ASSIGNMENT:
Those lines of the material below that fall between its first line and the line with "Tornádó TRD 010 Elektromos Kerékpár (Fehér)", both included, are to be repeated exactly.

Start of Block

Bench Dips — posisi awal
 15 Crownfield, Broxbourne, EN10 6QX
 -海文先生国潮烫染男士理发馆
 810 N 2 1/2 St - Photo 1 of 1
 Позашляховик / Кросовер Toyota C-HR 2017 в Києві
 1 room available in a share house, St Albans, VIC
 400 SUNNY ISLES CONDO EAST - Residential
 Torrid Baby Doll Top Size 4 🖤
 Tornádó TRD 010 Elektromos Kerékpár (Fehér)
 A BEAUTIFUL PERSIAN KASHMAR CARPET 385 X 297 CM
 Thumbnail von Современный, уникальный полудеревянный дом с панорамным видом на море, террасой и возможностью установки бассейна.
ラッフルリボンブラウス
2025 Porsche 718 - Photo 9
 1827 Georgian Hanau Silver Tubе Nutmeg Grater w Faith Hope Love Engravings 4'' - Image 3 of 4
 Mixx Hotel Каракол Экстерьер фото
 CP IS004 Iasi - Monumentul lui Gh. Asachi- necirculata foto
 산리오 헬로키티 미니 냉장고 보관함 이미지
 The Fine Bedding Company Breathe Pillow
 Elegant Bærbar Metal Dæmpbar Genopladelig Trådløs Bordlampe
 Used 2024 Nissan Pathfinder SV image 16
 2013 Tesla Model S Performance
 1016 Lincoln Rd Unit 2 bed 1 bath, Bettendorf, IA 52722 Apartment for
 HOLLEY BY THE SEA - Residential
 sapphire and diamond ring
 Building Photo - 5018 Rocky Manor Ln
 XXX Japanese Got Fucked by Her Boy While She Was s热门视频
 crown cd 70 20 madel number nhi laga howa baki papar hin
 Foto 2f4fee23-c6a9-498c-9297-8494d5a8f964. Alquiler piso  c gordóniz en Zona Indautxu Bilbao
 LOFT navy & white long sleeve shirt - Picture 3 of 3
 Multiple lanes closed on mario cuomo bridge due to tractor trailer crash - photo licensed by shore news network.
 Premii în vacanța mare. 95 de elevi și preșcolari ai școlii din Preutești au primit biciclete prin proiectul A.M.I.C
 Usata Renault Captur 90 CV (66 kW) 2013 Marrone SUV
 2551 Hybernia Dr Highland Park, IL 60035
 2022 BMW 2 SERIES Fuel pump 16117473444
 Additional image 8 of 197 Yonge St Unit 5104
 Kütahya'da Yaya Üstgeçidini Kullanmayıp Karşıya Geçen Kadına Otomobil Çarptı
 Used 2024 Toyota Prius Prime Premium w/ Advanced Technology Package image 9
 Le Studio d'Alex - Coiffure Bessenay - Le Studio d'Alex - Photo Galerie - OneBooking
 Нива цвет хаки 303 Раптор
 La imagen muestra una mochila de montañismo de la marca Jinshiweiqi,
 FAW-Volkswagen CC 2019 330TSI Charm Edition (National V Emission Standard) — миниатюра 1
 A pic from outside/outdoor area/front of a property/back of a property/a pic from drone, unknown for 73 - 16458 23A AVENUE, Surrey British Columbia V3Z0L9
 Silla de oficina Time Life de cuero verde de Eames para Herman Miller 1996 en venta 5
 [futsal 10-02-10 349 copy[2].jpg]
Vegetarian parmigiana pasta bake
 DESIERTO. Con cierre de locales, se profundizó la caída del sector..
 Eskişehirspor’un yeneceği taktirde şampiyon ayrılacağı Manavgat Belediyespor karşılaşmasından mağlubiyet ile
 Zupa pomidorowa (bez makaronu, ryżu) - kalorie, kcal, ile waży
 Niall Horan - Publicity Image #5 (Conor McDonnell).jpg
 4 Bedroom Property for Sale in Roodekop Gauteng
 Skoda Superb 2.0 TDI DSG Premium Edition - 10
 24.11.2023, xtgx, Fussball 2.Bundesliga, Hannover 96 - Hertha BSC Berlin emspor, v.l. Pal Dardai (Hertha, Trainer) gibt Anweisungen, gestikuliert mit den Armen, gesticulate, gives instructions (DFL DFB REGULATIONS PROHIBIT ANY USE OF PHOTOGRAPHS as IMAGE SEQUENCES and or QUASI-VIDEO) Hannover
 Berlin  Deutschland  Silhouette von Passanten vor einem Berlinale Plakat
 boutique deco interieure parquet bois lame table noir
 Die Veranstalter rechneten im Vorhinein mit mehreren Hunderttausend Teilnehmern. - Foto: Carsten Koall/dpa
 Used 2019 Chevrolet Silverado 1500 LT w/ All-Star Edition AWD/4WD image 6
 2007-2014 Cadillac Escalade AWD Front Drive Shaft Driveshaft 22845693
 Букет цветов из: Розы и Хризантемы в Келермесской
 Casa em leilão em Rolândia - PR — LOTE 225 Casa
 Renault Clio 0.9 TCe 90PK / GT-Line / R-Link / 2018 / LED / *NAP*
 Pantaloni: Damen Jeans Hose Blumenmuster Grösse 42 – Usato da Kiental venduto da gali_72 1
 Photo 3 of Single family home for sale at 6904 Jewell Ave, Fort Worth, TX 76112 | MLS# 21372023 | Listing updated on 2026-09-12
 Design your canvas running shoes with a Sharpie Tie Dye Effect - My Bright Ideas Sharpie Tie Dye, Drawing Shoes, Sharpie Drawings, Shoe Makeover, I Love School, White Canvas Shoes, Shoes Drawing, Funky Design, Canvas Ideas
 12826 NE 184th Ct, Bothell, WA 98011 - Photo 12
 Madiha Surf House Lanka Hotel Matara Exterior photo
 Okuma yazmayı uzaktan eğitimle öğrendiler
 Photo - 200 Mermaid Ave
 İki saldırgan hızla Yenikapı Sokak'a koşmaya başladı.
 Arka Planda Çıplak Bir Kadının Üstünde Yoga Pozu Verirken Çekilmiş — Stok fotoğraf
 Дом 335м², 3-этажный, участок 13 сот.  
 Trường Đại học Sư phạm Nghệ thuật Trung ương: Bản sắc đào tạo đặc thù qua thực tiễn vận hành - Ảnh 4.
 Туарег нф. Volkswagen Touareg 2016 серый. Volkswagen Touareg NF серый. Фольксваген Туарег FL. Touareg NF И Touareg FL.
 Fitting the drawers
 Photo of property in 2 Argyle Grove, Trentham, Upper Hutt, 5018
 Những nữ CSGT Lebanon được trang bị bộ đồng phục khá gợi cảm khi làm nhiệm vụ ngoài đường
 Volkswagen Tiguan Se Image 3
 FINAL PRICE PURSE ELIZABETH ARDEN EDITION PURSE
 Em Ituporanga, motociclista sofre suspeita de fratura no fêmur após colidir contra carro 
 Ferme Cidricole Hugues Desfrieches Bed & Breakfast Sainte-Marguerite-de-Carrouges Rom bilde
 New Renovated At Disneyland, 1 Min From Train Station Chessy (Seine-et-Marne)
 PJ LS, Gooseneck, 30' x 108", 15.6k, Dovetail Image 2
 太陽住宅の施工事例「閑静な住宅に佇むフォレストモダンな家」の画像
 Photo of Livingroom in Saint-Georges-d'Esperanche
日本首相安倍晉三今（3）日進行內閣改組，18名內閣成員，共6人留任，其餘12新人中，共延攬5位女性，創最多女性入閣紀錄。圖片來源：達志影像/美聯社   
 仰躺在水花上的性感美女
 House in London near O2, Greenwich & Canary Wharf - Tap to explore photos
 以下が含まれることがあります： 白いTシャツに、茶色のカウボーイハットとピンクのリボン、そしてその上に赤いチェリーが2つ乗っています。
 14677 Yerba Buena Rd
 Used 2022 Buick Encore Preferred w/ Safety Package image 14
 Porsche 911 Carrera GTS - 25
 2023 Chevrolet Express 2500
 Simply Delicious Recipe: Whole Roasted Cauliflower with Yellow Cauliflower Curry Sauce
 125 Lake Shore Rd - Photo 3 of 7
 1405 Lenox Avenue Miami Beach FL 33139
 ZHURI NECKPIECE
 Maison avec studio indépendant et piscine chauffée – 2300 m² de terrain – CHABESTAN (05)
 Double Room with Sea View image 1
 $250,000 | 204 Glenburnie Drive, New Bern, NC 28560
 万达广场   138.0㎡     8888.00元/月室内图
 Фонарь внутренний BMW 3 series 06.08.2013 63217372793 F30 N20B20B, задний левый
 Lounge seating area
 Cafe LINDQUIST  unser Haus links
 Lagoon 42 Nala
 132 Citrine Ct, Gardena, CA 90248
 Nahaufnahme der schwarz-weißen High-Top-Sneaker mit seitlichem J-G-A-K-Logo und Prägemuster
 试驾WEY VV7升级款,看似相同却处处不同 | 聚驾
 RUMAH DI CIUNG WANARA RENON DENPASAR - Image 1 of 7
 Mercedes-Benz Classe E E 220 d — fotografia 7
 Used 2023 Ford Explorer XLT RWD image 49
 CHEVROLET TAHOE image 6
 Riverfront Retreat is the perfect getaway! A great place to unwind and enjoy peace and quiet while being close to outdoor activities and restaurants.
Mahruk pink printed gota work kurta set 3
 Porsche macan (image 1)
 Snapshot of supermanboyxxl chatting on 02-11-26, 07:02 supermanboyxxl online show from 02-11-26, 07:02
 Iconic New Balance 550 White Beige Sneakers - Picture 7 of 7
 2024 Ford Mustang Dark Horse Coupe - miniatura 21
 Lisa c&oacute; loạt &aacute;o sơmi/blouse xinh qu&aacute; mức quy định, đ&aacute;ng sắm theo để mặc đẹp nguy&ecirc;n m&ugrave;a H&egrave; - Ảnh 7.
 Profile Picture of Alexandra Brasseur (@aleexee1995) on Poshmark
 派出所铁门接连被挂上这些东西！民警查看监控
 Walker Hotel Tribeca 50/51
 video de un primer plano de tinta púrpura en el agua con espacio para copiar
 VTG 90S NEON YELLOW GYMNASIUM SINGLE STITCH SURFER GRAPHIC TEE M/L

End of Block

RESULT:
Bench Dips — posisi awal
 15 Crownfield, Broxbourne, EN10 6QX
 -海文先生国潮烫染男士理发馆
 810 N 2 1/2 St - Photo 1 of 1
 Позашляховик / Кросовер Toyota C-HR 2017 в Києві
 1 room available in a share house, St Albans, VIC
 400 SUNNY ISLES CONDO EAST - Residential
 Torrid Baby Doll Top Size 4 🖤
 Tornádó TRD 010 Elektromos Kerékpár (Fehér)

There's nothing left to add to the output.